• Assignment:
Only these lines are needed: the first line of the entries below through the line with "Hanging Lamp", each returned exactly.

Records drawn from a dataset
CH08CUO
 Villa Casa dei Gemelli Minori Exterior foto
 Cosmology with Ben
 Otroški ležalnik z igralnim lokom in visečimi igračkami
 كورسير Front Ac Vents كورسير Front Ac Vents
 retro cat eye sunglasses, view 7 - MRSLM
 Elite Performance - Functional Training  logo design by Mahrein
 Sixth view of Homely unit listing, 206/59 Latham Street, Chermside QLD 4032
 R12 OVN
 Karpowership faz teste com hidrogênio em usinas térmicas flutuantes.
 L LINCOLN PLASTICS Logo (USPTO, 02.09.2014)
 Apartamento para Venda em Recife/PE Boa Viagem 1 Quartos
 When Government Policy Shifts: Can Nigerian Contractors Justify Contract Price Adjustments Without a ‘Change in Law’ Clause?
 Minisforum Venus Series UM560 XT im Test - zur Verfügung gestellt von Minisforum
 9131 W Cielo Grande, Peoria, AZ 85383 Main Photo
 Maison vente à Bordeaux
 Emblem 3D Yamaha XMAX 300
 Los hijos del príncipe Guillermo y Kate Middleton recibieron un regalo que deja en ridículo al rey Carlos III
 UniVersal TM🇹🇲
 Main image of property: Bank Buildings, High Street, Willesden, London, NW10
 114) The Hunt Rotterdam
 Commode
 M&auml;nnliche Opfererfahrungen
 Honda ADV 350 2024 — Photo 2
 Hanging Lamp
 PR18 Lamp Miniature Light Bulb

• Response:
CH08CUO
 Villa Casa dei Gemelli Minori Exterior foto
 Cosmology with Ben
 Otroški ležalnik z igralnim lokom in visečimi igračkami
 كورسير Front Ac Vents كورسير Front Ac Vents
 retro cat eye sunglasses, view 7 - MRSLM
 Elite Performance - Functional Training  logo design by Mahrein
 Sixth view of Homely unit listing, 206/59 Latham Street, Chermside QLD 4032
 R12 OVN
 Karpowership faz teste com hidrogênio em usinas térmicas flutuantes.
 L LINCOLN PLASTICS Logo (USPTO, 02.09.2014)
 Apartamento para Venda em Recife/PE Boa Viagem 1 Quartos
 When Government Policy Shifts: Can Nigerian Contractors Justify Contract Price Adjustments Without a ‘Change in Law’ Clause?
 Minisforum Venus Series UM560 XT im Test - zur Verfügung gestellt von Minisforum
 9131 W Cielo Grande, Peoria, AZ 85383 Main Photo
 Maison vente à Bordeaux
 Emblem 3D Yamaha XMAX 300
 Los hijos del príncipe Guillermo y Kate Middleton recibieron un regalo que deja en ridículo al rey Carlos III
 UniVersal TM🇹🇲
 Main image of property: Bank Buildings, High Street, Willesden, London, NW10
 114) The Hunt Rotterdam
 Commode
 M&auml;nnliche Opfererfahrungen
 Honda ADV 350 2024 — Photo 2
 Hanging Lamp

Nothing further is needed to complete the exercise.